Paul Verlaine, Quinze jours en Hollande. 25

 

    On attend Tak qui vient à l'heure convenue. Il annonce l'intention de m'emmener promener puis déjeuner en ville. J'acquiesce tout naturellement, m'habille et tout en m'habillant constate par la fenêtre de ma très belle chambre que l'aspect postérieur des maisons ici a incontestablement quelque chose de très, de presque trop londonien. Des petites cours resserrées, où flottent, se nettoient au sable, se secouent et s'aèrent maints objets ménagers, peu “ suggestifs ”, ou plus que de droit. Ceci pour la rangée de maisons d'en face qui semblent appartenir à une plutôt médiocre rue parallèle à celle de Witsen, où, dans les cours, il y a des arbres où ne pendent aucuns linges, et de l'espace que n'encombrent ni poteries ni ferblanteries culinaires, ni édredons au frais.

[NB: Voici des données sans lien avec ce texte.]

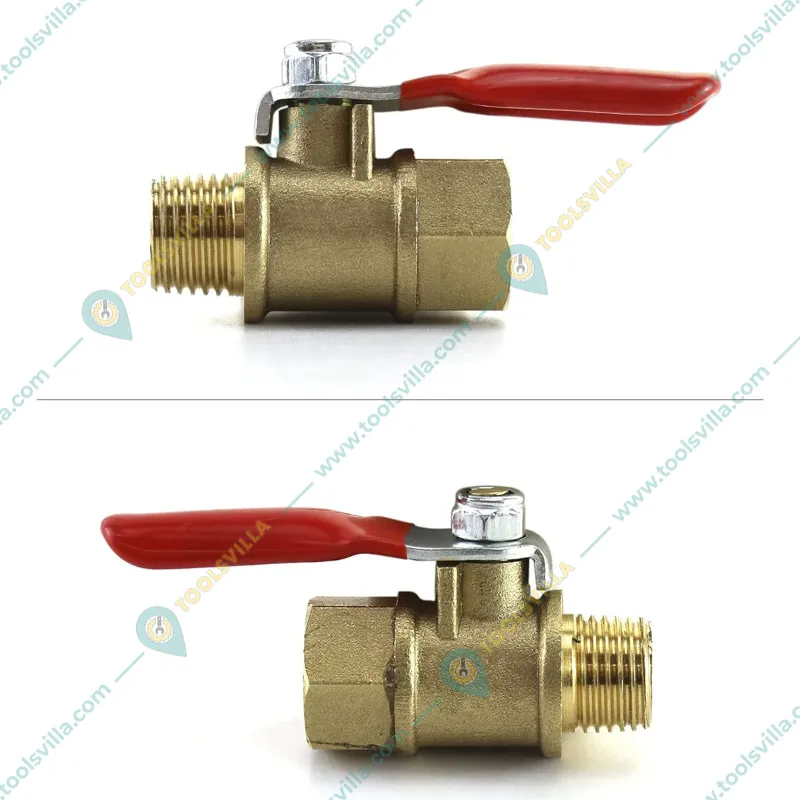 10 Pcs Of 1/2 Inch Male x 1/4 Male Ball Valve For HTP Pump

    Mais je suis prêt, et après avoir pris congé, jusqu'après ma conférence, de mon bote, et de quelques amis et — je crois bien — confrères d'Israëls et de Witsen, nous partons, Tak et moi. Ma nouvelle résidence est située tout au bout de la ville en face d'un parc en ... construction. Nous tournons à droite passons devant une église toute neuve, vaguement gothique en briques roses au

“ Clocher silencieux montrant du doigt le ciel. ”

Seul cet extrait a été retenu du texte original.